Description of the task: Beginning at the line with "Seorang penyandang cacat", please repeat each line exactly through the end of the records below, including that first line and the last, but no pictures.

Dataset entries
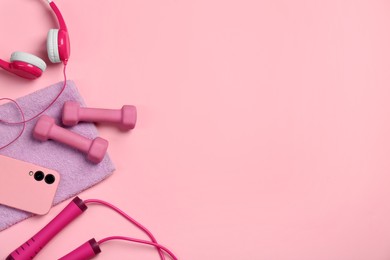 Flat lay composition with dumbbells and smartphone on pink background. Space for text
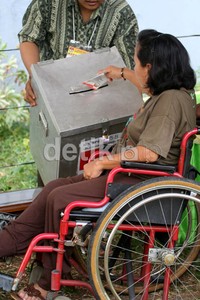 Seorang penyandang cacat memasukkan surat suara ke kotak suara. Ramses/detikcom.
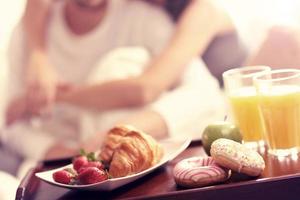 Young couple eating breakfast in bed photo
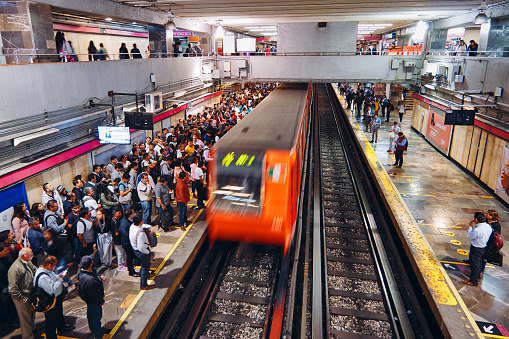 Subway of Chapultepec, Mexico City, October 16, 2019 - Rush hour in Chapultepec Metro Station. Group of crowded people waits for the metro in Mexico City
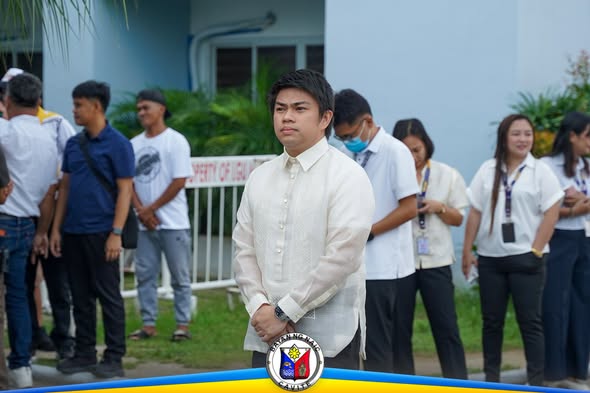 Mga kawani at mag-aaral habang nakatayo sa flag raising ceremony ng Naic, may lalaking naka-barong sa harap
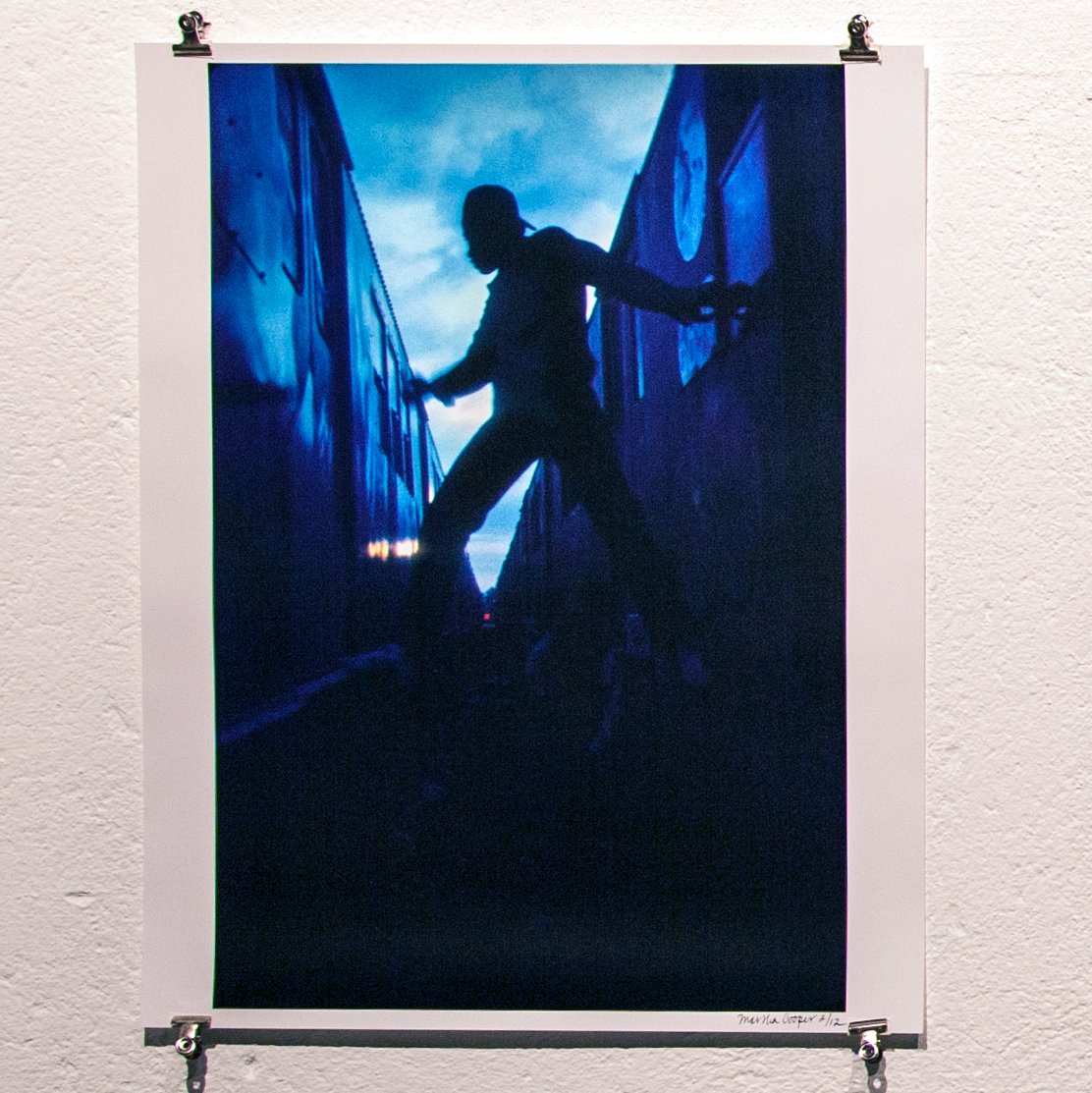 Dondi in Silhouette Painting Train in New Lots Yards, Brooklyn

Response to this task:
 Seorang penyandang cacat memasukkan surat suara ke kotak suara. Ramses/detikcom.
 Young couple eating breakfast in bed photo
 Subway of Chapultepec, Mexico City, October 16, 2019 - Rush hour in Chapultepec Metro Station. Group of crowded people waits for the metro in Mexico City
 Mga kawani at mag-aaral habang nakatayo sa flag raising ceremony ng Naic, may lalaking naka-barong sa harap
 Dondi in Silhouette Painting Train in New Lots Yards, Brooklyn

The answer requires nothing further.